§ **SUPPLIED INFORMATION**
[Start of section]
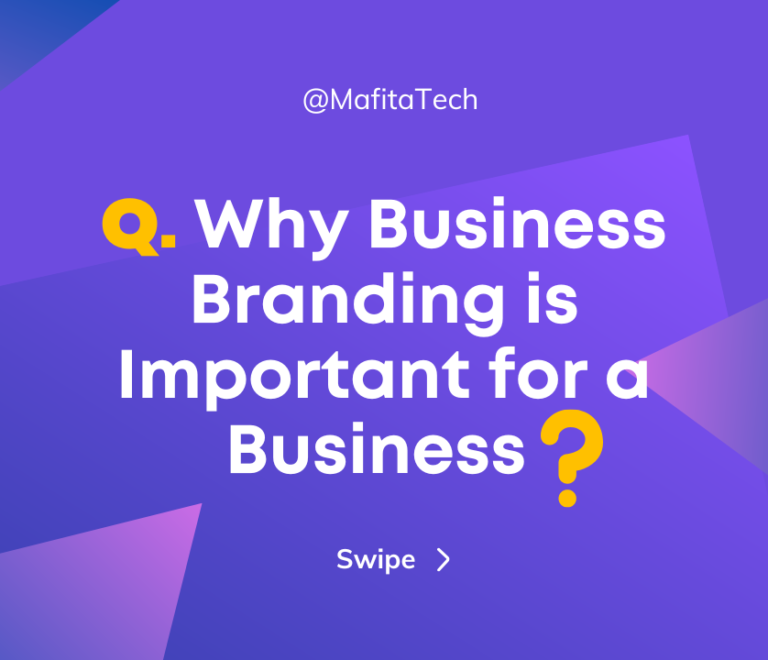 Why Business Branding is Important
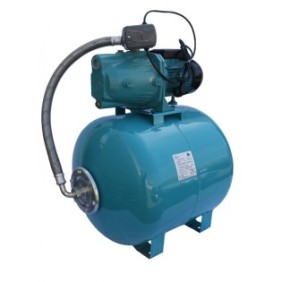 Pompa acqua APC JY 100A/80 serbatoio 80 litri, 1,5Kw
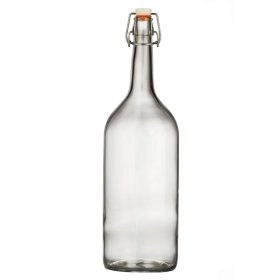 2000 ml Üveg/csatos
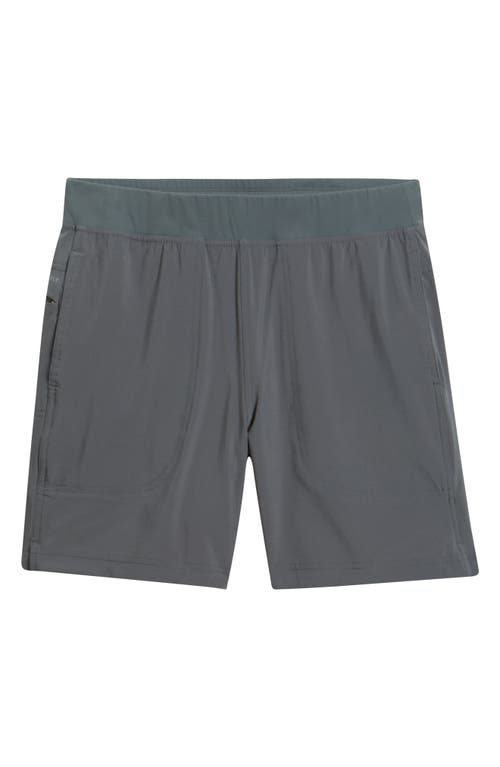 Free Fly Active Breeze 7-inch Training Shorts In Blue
[End of section]
§ **WORK TO COMPLETE**
Apart from the pictures, restate all of the listing above exactly.

§ **REPLY**
 Why Business Branding is Important
 Pompa acqua APC JY 100A/80 serbatoio 80 litri, 1,5Kw
 2000 ml Üveg/csatos
 Free Fly Active Breeze 7-inch Training Shorts In Blue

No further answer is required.